バレンタインデー、それは愛とロマンスの象徴として世界中で祝われる特別な日。しかし、その華やかなイメージの裏には、古代ローマ時代にまで遡る意外な歴史が隠されています。実は、バレンタインデーの起源は、愛の女神ではなく、殉教した聖人に由来するとも言われているのです。この記事では、バレンタインデーの起源を深く掘り下げ、この愛の祭典がどのようにして今日の形になったのか、その変遷を辿ります。甘いチョコレートやバラの花に隠された、興味深い物語を一緒に紐解いていきましょう。
バレンタインデーの起源
バレンタインデーの始まりには諸説ありますが、中でも有名なのは、聖バレンタインという名のキリスト教司祭にまつわる物語でしょう。彼は、時の皇帝の禁令を破り、密かに恋人たちの結婚を執り行った罪で処刑されました。その聖バレンタインが命を落とした日が2月14日であり、この日がバレンタインデーとして今日に伝えられています。
イベント化したのは14世紀以降です
バレンタインデーは、もともと聖バレンタインの命日を悼む、宗教的な意味合いを持つ静かな日でした。それがどのようにして恋人たちの守護聖人の日となり、今日のような「愛の日」として祝われるようになったのか、その正確な経緯は明らかではありません。時が経つにつれて、聖バレンタインは愛の象徴として崇められ、恋人たちの間で特別な存在となりました。14世紀の中世ヨーロッパでは、2月14日に恋人たちが贈り物を交換する習慣が広まったと考えられています。さらに、ヨーロッパからの移民によってアメリカにもこの習慣が持ち込まれ、恋人たちが互いにプレゼントを贈り合うという文化が根付いていったとされています。
日本におけるバレンタインデーの歴史
日本では、バレンタインデーは女性から男性へチョコレートを贈る、愛の告白の日として定着しています。バレンタインシーズンが近づくと、店頭には多種多様なチョコレートが並び、プレゼントを選ぶ女性たちの姿で賑わいます。この日本独自のバレンタインデー文化は、どのようにして生まれたのでしょうか。
バレンタインデーの文化は、戦後から始まった
バレンタインデーが日本に登場したのは、第二次世界大戦後の昭和30年代頃のことです。百貨店が「バレンタインセール」と題した広告を新聞に掲載したのが、その始まりとされています。当初の目的は、海外のように恋人や家族、親しい人々が贈り物を交換する習慣を日本に根付かせることでした。しかし、当時はチョコレートではなく、衣服や化粧品などが主な贈り物として想定されていました。
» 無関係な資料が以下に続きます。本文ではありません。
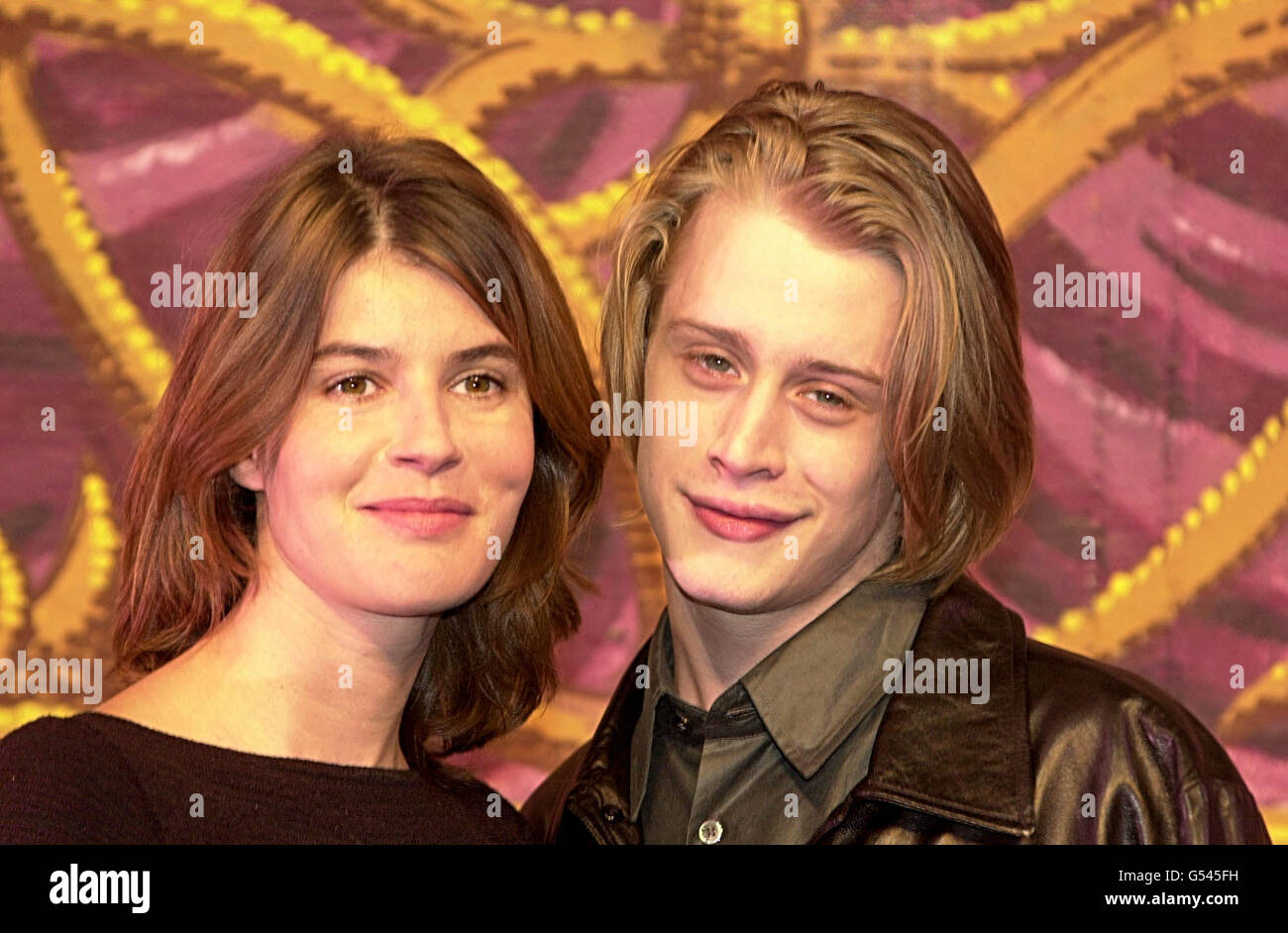 American actor Macaulay Culkin, who starred in the film Home Alone, with actress Irene Jacob at the Vaudeville Theatre in London. Culkin makes his West End acting debut in a new play by Richard Nelson, entitled Madam Melville. *... He plays Carl, a young American in Paris in 1966 who is seduced by the title character played by Jacobs. The play has its world premiere on October 18 2000. Stock Photo
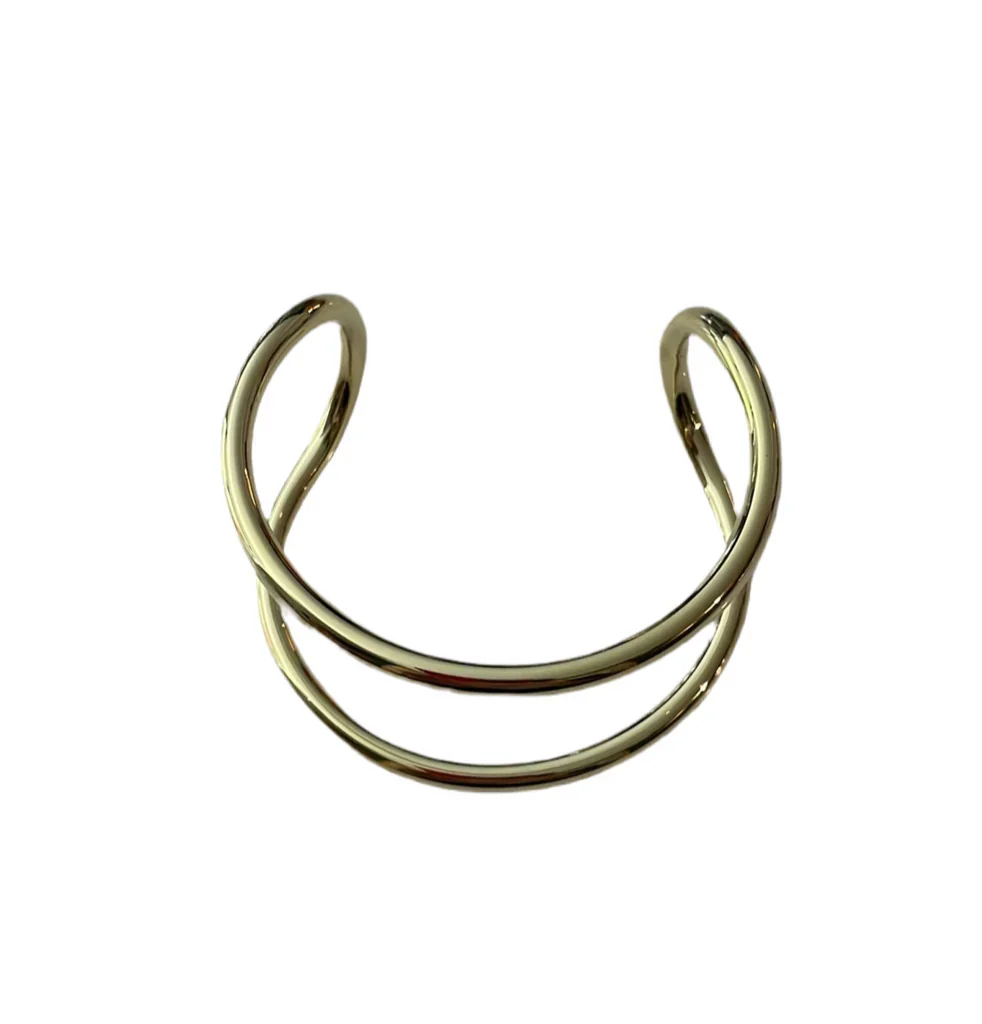 Gold open ring on a white background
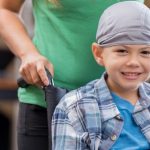 Mother pushes sick little boy in wheelchair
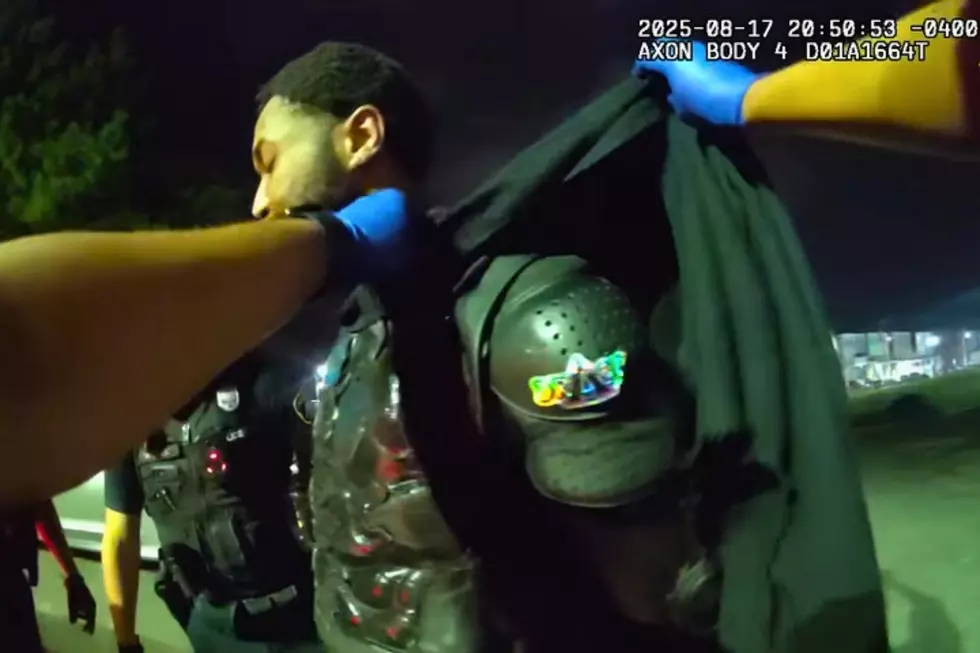 Curtis Bordley, the AC Batman, takes off his costume for police officers (Jersey Shore Scanner News via YouTube)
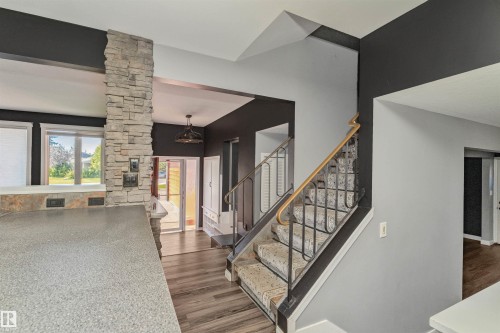 Stone accent wall with a built-in shelf, wood-finish flooring, and a staircase with a wrought iron and wood handrail - 11208 163A Avenue Nw, Edmonton, AB 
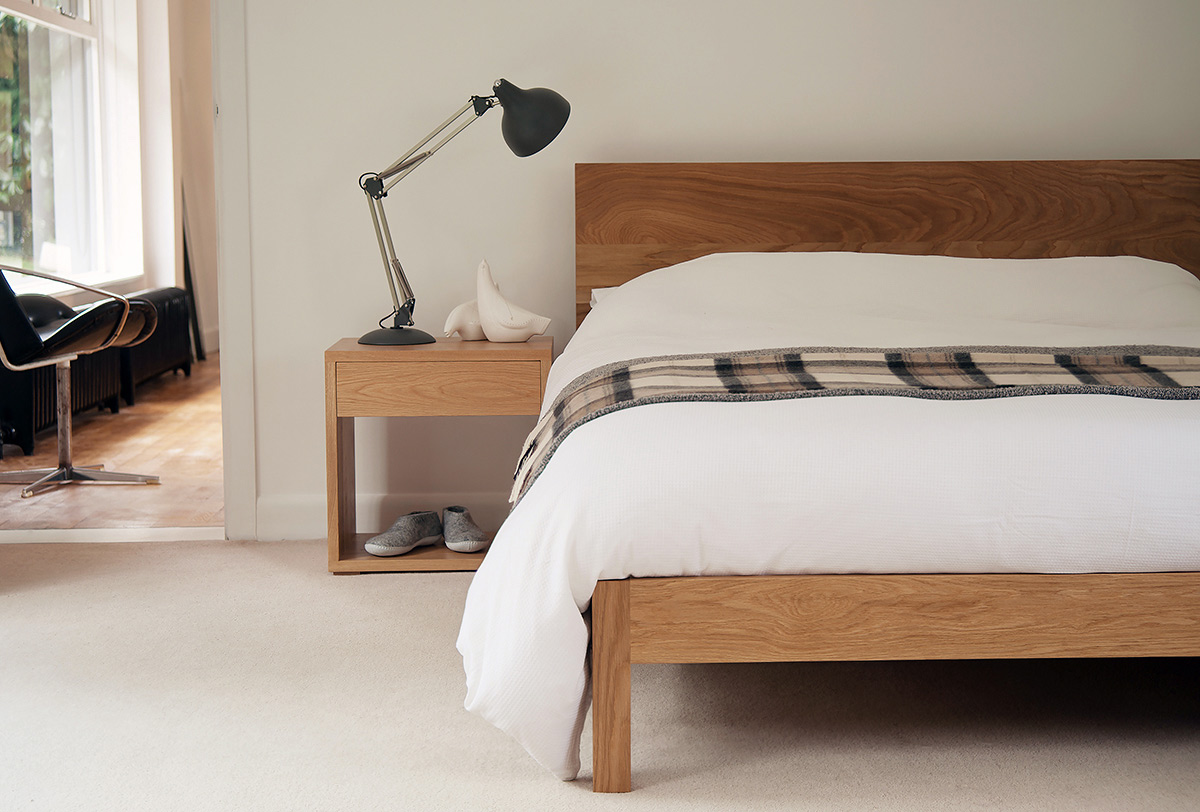 A modern solid wooden bed - the Malabar in Oak and shown with Oak Bedside Cube table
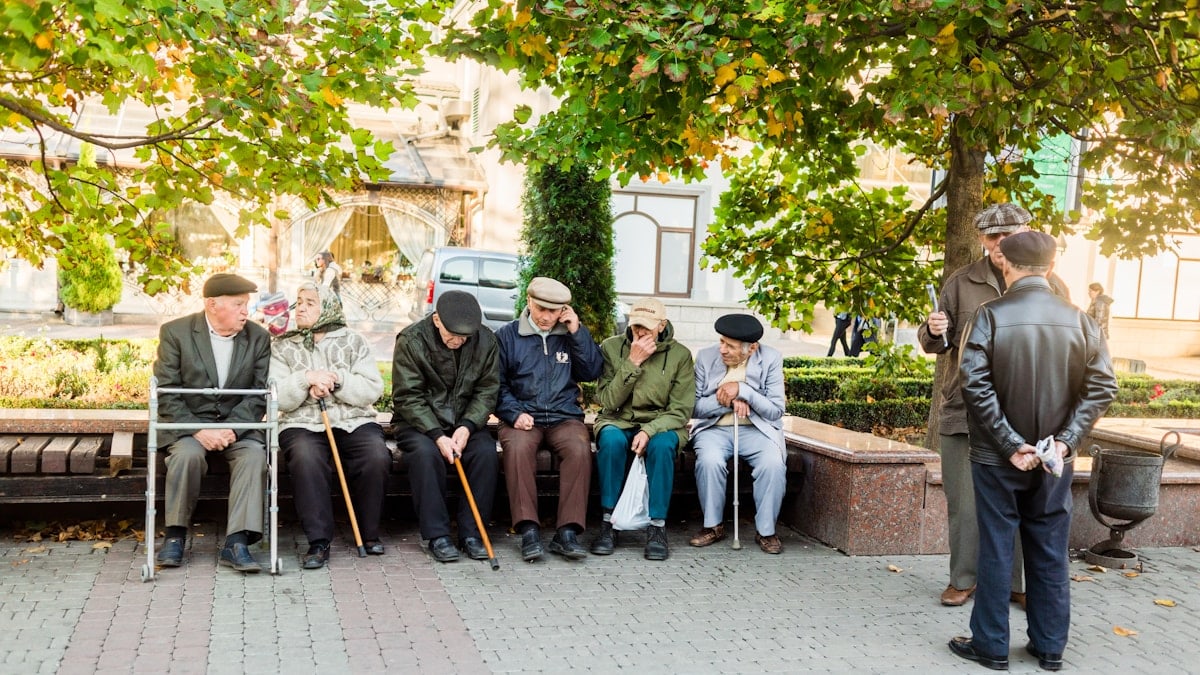 a group of people sitting next to each other on a bench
また、女性から男性へ贈るという概念もまだ薄かったようです。チョコレートを贈る習慣は、昭和30年代後半から徐々に広まっていきました。この習慣を最初に提唱したとされる企業は複数存在します。特に子供や学生の間で、チョコレートを贈って告白するという習慣が広まったとされています。そして、昭和40年代には、女性が男性にチョコレートを贈るという習慣が確立しました。
ホワイトデーは日本発祥
バレンタインのお返しとして知られるホワイトデーは、欧米には存在しない日本発祥のイベントです。欧米ではバレンタインデーに贈り物を交換する習慣があるため、ホワイトデーのようなお返しの文化はありません。「贈り物にはお返しをする」という日本特有の考え方が、ホワイトデー誕生の背景にあります。洋菓子メーカーが販売促進のためにキャンペーンを展開したことが、ホワイトデーが広まるきっかけになったと言われています。近年では、日本以外にも韓国、中国、台湾といったアジアの一部の国々でもホワイトデーが祝われるようになっています。
日本におけるバレンタインデーの歴史、2000年以降
インターネットの普及は、バレンタインデーの在り方にも変化をもたらしました。海外の習慣が浸透し、今やバレンタインは多様な贈り方をする日へと変わりつつあります。かつては女性から男性へ贈るのが主流でしたが、現在では男性から女性へ、また友人同士で贈り合う「友チョコ」も一般的になりました。海外のように花やジュエリーを贈る人もいますが、日本では依然としてチョコレートがバレンタインの定番ギフトとして高い人気を誇ります。また、オンラインショップの登場により、高級チョコレートも手軽に購入できるようになり、ギフトとしての選択肢も広がっています。